Input:
▬▬▬▬▬▬

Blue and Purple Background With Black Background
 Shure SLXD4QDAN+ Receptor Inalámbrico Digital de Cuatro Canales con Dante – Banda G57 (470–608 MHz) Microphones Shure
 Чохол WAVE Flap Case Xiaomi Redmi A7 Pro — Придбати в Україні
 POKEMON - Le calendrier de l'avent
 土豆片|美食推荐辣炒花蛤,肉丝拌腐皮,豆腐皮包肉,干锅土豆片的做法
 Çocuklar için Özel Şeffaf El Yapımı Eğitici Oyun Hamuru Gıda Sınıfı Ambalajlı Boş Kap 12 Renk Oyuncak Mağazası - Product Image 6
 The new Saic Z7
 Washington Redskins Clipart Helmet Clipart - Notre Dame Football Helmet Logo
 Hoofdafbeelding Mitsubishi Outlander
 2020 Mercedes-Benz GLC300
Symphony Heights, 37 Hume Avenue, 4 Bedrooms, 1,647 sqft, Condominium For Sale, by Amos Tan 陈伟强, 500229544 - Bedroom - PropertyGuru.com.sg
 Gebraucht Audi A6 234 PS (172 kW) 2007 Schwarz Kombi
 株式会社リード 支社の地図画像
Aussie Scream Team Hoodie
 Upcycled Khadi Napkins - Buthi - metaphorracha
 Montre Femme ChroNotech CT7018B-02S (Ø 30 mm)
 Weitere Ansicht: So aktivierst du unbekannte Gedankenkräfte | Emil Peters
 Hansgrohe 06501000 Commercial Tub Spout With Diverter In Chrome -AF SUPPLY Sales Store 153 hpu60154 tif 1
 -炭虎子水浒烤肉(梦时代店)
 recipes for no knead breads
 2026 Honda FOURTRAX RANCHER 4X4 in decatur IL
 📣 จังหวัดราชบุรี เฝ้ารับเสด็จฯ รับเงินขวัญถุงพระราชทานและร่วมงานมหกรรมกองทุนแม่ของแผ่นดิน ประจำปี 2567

▬▬▬▬▬▬

Task: The answer must be every line from the records above that contains the word "With", copied in full.

Output for this exercise:
Blue and Purple Background With Black Background
 Hansgrohe 06501000 Commercial Tub Spout With Diverter In Chrome -AF SUPPLY Sales Store 153 hpu60154 tif 1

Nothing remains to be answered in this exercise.